Executive: I don't think there's anything that really surprised us because we had a large fleet, we had all the metrics, so there was not sort of a surprise. It was just continued work to grind down on the long period of issues, and that's what enabled us to launch the unsupervised service in Austin. Yeah, and I mean, in terms of robo-taxi vehicles carrying paid customers, I think we're well over 500 at this point between the Bay Area and Austin. Yeah, there's varying amounts of, like, vehicles depending on the load. But, yeah, you can have, like, more vehicles during, like, peak times and then fewer vehicles in the off hours. This will probably, you know, double every month type of thing. It's on an exponential curve. I mean, one other thing people forget that, you know, we've been deliberate on all this in the sense that we have the supporting infrastructure already been in place, whether it's service centers, charging. Yes, we'll have to augment as the fleet grows depending upon the density of where the demand is and whatnot. But it's not something like we just stumble upon it and we're starting to – we've been at it for years. Yes, not every city is – designed the same way, same thing. Our infrastructure is also not the same in every city, but you have to give us credit that it's been a journey. And like Lars said, if there is some company which can do it, we've already been at it, so we should be able to deliver much better.
Analyst: Great.
The next question is about chase cars, which we already covered. So moving on to the last question. Elon, you've been spending significant personal time on Tesla's chip design. What was the forcing function behind this increased involvement? And do you think external chip sales will represent a significant portion of Tesla's valuation by the end of the decade?

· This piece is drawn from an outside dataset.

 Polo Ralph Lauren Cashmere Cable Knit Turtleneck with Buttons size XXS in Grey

Executive: Well, I mean, I tend to spend time on whatever the most critical issue is for the company. And completing the AI5 chip design and having it be a great chip is – It's arguably the number one most critical thing to get done, which is why I'm spending more time on that than currently anything else at Tesla. I spend pretty much every Saturday on this and a chunk of every Tuesday. So it's like if I'm spending my Saturdays on something, it's going to be something pretty important. I do think AI5 will be a very good chip, and I feel quite confident about the design at this point. And then AI6, which will follow that, aspirationally would follow that in under a year, will be yet another big leap beyond AI5. I feel pretty good about our chip strategy right now. But in terms of selling it outside of Tesla, we first need to make sure we have enough chips for all of our vehicle production and all of our Optimus production. And then we will actually use the AI5 chips in our data centers. We already use the AI4 chips in our data centers. So when we do training, it's a combination of the AI4 chips and NVIDIA hardware primarily that we do training with.

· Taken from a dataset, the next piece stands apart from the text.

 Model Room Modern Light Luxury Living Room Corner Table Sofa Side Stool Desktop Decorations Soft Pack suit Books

So, but you said by the end of the decade, I mean, that's like – Things are changing so fast that it's hard to imagine what happens at the end of the decade. I mean, when I look ahead at, say, what's the limiting factor for Tesla growth, if you go, say, three or four years out, I think it actually is chip production. Is there enough AI logic and enough memory, enough RAM for our volume. And right now, I see that as being the thing that probably limits our growth in three or four years, which would imply that we're not selling chips outside of Tesla because we need them.
Executive: In fact, I think it's going to make sense and this is definitely going to be sort of a controversial. But I think Tesla needs to pull the tariff out. I mentioned this at the meeting. But even when we look at the output of – the best-case output of all of our key suppliers, and I would say even – beyond suppliers like strategic partners like Samsung, TSMC, and Micron, and we say, like, what's the most you could possibly make, then it's not enough. So I think in order to – remove the constraint, the probable constraint in three or four years, we're going to have to build a Tesla TerraFab, a very big fab that includes logic, memory, and packaging domestically. And that's actually also going to be very important to ensure that we are protected against any geopolitical risks. I think people may be underweighting some of the geopolitical risks that are going to be a major factor in a few years. Now, you know, a lot of people will say, like, that's crazy. FABs are really hard. I'm like, yes, I know FABs are really hard. I don't think they're easy. But we do a lot of hard things. You know, we didn't used to have car factories.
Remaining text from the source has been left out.